Participants: The participants were 102 children, 26 with autism, 20 with Fragile X syndrome, 32 with developmental disabilities of different origin and 24 who were typically developing children, and their mothers. The children with autism had a strict diagnosis of their condition made and were free from other medical conditions. The children with Fragile X were recruited from specialty clinics, and the typically developing children were recruited from the University of Denver research subject pool. The children ranged in age from 21 to 50 months of age. The groups of children were matched on mental age rather than their chronological age.

Study Design: Symptom prevalence study.

Method: The Short Sensory Profile was administered to the mothers prior to the first home visit to elicit reports of sensory symptoms in their young children. The mothers of the children with autism completed the ADI-R and the children were administered Module 1 of the ADOS-G. Both tests elicit autistic symptoms. All of the children were given developmental testing using the MSEL (the Mullen) and were tested for adaptive behaviour using the Vineland Scales of Adaptive Behaviour. Each of the four groups of children were later observed by assessors unaware of their diagnosis to look for behavioural indicators of either under-reactivity or over-reactivity to sound or touch or to taste/smell.

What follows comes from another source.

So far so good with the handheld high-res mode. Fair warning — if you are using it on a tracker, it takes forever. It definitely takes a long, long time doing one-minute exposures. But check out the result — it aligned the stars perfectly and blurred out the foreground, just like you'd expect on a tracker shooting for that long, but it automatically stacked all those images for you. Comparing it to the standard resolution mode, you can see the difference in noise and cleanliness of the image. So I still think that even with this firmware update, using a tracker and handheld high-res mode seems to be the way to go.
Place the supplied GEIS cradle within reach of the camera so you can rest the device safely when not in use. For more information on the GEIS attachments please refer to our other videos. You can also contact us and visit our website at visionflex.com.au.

Main Results: Children with autism and Fragile X had generally higher scores than the developmentally delayed and typically developing children on tests of sensory reactivity. Children with autism had higher scores on taste/smell sensitivity, tactile sensitivity and auditory filtering than did children of all the other groups. The children with Fragile X had significantly higher scores on low energy/weak muscles and in the areas of tactile sensitivity, underreactive or stimulation seeking, as well as auditory filtering (the ability to discern meaningful speech from background noise). There was no relationship between the severity of the sensory problem and the level of developmental delay. In the children with autism there was a significant relationship seen between the sensory problems and repetitive/restrictive behaviours, but not with social communication. The children with Fragile X who also had symptoms of autism tended to have more sensory problems than did children without the dual diagnosis, meaning that the sensory problems seem to be more related to the autistic symptoms than to the degree of mental handicap. Another significant finding was that there was a relationship between the incidence of sensory symptoms and poor adaptive behaviours (i.e., activities of daily living that demonstrate personal and social skills).

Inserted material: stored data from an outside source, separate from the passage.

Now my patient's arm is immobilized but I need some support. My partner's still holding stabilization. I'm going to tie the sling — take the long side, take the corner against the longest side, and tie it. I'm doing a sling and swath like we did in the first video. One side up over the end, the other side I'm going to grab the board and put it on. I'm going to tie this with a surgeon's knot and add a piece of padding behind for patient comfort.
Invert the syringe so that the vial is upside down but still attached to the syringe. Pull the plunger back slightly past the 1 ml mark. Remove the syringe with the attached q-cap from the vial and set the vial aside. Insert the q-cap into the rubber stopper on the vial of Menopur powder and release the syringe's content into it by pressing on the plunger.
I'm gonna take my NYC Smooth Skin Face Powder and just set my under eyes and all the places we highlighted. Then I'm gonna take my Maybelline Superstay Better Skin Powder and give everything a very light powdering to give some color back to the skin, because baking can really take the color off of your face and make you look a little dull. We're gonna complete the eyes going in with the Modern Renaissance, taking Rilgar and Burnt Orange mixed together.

The study demonstrated that the parents' report of their child's sensory problems more or less agreed with the more objective tests used by the researchers. There was strong merging of findings amongst the different methods used to detect sensory problems in the children, suggesting that the tests used were all able to discern sensory problems.

Conclusions: It appears that sensory problems are found more frequently in children with autism than in other groups of children but are not exclusive to children with autism. There was no correlation found between the children's intelligence level and the presence or severity of sensory problems. There was no relationship found between the sensory symptoms and the level of social-communication deficits in the children with autism. Children with coexisting autism and Fragile X syndrome seemed to have the most severe sensory symptoms. The repetitive behaviours more frequently seen in children with autism did not seem to be related to the sensory symptoms. The authors caution that this finding is based on a very small number of children and must be reproduced in a much larger group.